The Medici Effect: Breakthrough Insights at the Intersection of Ideas, Concepts, and Cultures
- Author: Frans Johansson
- Language: English
- Published: 2004
- Publisher: Harvard Business School Press
- Publication place: United States
- ISBN: 1591391865
- OCLC: 611490724

= The Medici Effect =

Non-fiction work by Frans Johansson

The Medici Effect: Breakthrough Insights at the Intersection of Ideas, Concepts, and Cultures is a 2004 book written by American entrepreneur Frans Johansson. Published by Harvard Business School Press, it was listed as a Top 10 Business Book by Amazon.com and translated into 18 different languages. In the book, Johansson introduced the concept of the Medici Effect, which involves innovation that happens when disciplines and ideas intersect.

==Summary==

In the book, Johansson argues that innovation comes from diverse industries, cultures, and disciplines when they all intersect, bringing ideas from one field into another. He also recommends assembling diverse teams of people to collaborate on innovation.

The name of the book is derived from the Medici Dynasty, an Italian banking family that came to power in the 14th century. The family's wealth was able to support artists that led to The Renaissance. The book looks at examples of how Renaissance painters, sculptors, poets, philanthropists, scientists, philosophers, financiers, and architects, shaped historical eras of innovation. The Medici family did not intend the Renaissance, but contributed to it with what Johansson coins as the "Medici Effect."

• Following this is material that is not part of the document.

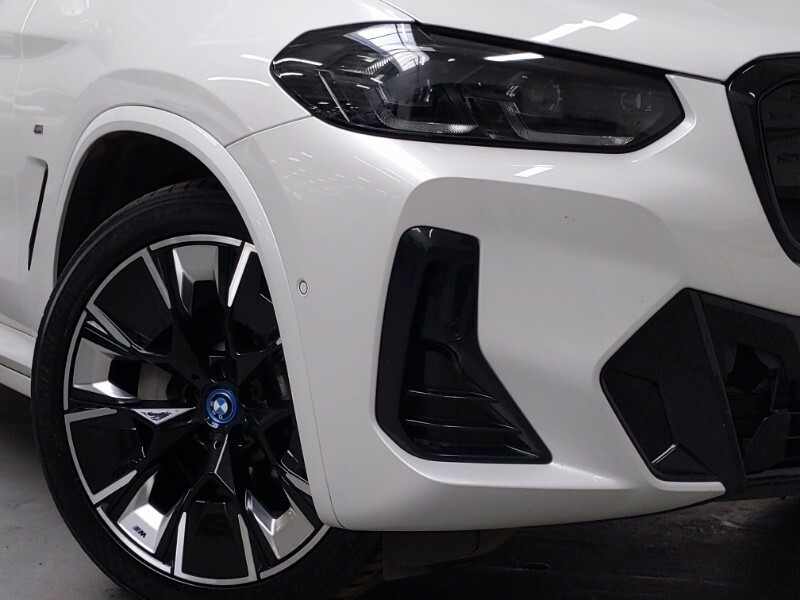 BMW iX3 210Kw M Sport Pro 80Kwh White #9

The book became the foundation for the Medici Effect, which involves contributions of disruptive innovation from people who have no experience in an industry. An example from the book includes Charles Darwin being a geologist and collecting a number of bird species from the Galápagos Islands. Darwin kept poor notes of his collection and returned the birds and notes over to John Gould upon his return. Gould was an expert ornithologist and initially dismissed the birds as being normal. Gould later discovered that each species was in fact distinct. The example from the book shows how Darwin, without the knowledge of ornithology, could contribute to the field without having the training or knowledge.

==Reception==

BusinessWeek called The Medici Effect "one of the best books on innovation." It was described as a "work of art" by Entrepreneur. The Washington Post said that Johansson has "written a book dozens of business school professors meant to write, but couldn't." Harvard Business School professor Clayton M. Christensen stated that The Medici Effect is "One of the most insightful books on innovation I have ever read." The book became a best-seller and was listed as a Top 10 Business Book by Amazon.com. It was also translated into 18 different languages.

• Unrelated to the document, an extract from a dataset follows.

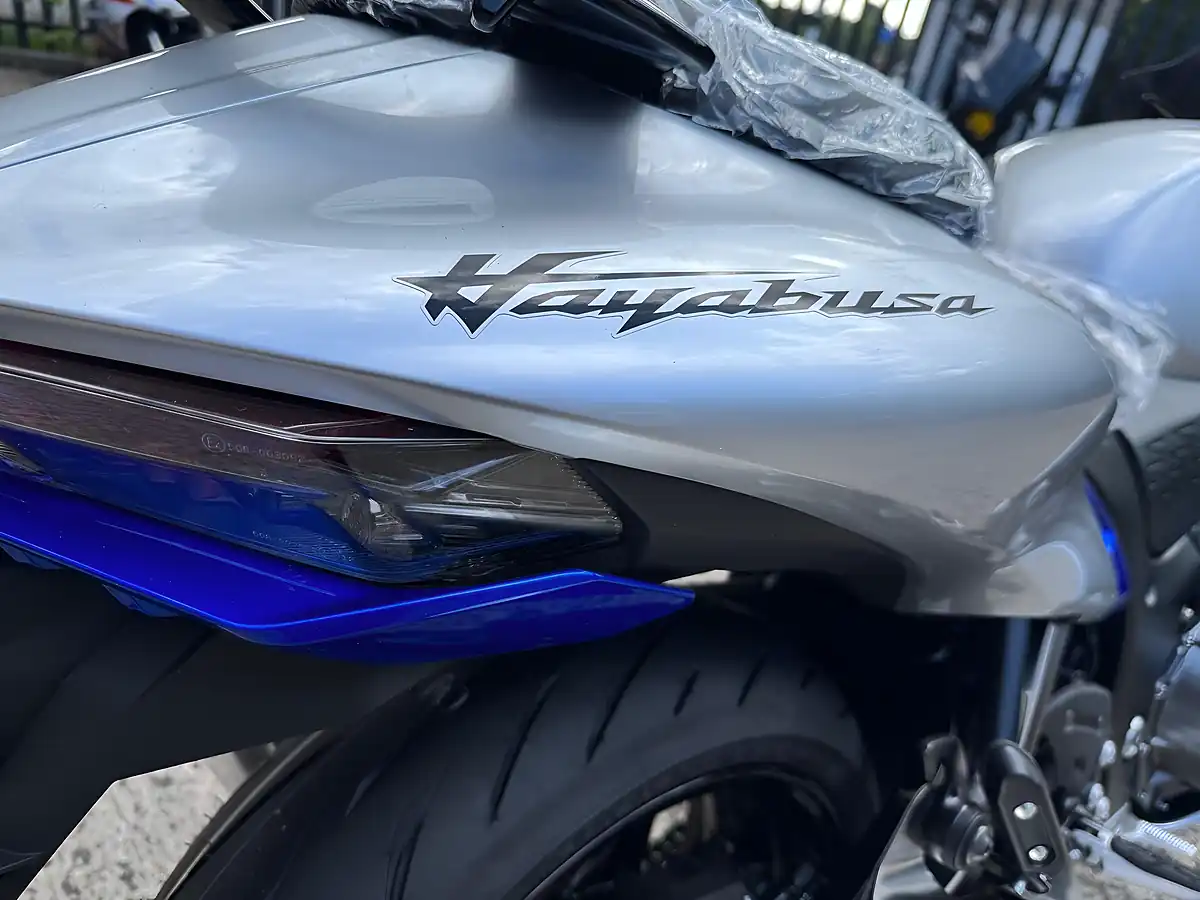 Used 2025 Suzuki GSX1300R Hayabusa 1300 - Interior and Exterior details 9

Based on the success of the book, Johansson founded The Medici Group, a consultancy firm that promotes innovation through diversity. He has appeared on national media and in publications that include Black Enterprise, Diversity Executive, Anderson Cooper 360°, and CNBC's The Business of Innovation.

==Editions==

The book was released in 2004 by Harvard Business School Press. The first edition of the book was called The Medici Effect: Breakthrough Insights at the Intersection of Ideas, Concepts, and Cultures.

In 2006 the book was republished in paperback and Kindle format with the title The Medici Effect: What Elephants and Epidemics Can Teach Us About Innovation.

On March 7, 2017 an updated edition was published in hardcover, paperback and Kindle format with the title The Medici Effect, With a New Preface and Discussion Guide: What Elephants and Epidemics Can Teach Us About Innovation.